Kunihiko Morinaga likes to question our times — pre-pandemic, he had already used his collection to probe our obsession with living life behind a screen, and he returned to that theme for fall. This time, he turned the world turned upside down, cleverly making his designs look like they defied the effects of gravity and staging a double runway — one on the floor, the other on the ceiling.

The look: Usurped wardrobe staples — trenchcoats, ruffled dresses and sweaters, for example — took on new proportions, familiar yet not. Jacquard patterns like polka dots and houndstooth checks on voluminous coats were regular on one design, but shifted on its nonidentical twin, appearing to tumble toward the shoulders. On the runway in Morinaga’s sky, skirts and jeans were folded back on themselves, while collars and pocket flaps stood away from the body, as if drawn toward the ground. The motifs on argyle and Aran sweaters were scattered, and the treatment continued as far as the labels, their text and washing instructions randomly scattered.

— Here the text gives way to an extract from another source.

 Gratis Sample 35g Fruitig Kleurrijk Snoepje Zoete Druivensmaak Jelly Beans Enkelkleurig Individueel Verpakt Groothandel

Quote of note: Commenting on the digitalization of fashion, Morinaga wanted to explore the notion that “we cannot see the mass and the gravity of garments through a screen,” he explained through an interpreter during a Zoom preview.

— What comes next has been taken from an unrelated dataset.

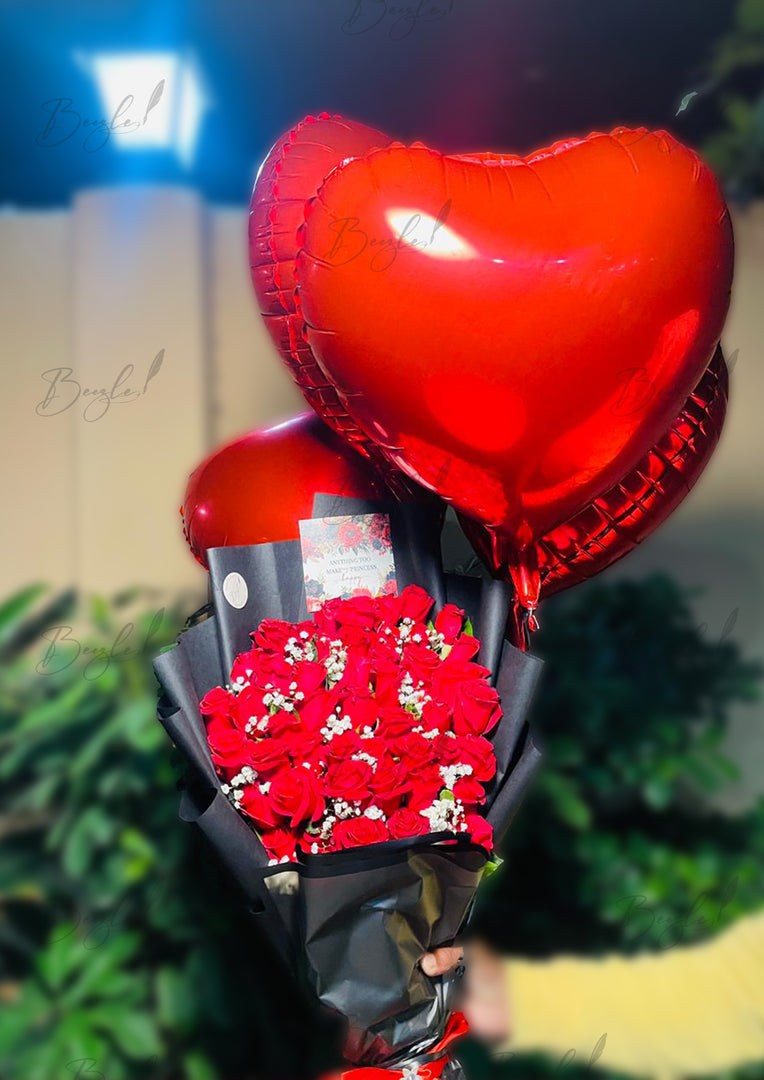 Velvet Heart Roses Surprise| BCG-248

Standout pieces: The black and white polka-dot coat, its spots merging on the shoulders and its collar raised; an orange velvet dress crafted as if upside-down, the collar and sleeves hanging around the legs; a duffle coat with offset toggles.

Takeaway: Morinaga’s approach to design was as idiosyncratic as ever, but he highlighted his gift with shape and structure once more with his twists on wardrobe classics. While everything in the lineup wasn’t suitable for life on Earth, there were cool clothes that would work on the street, too.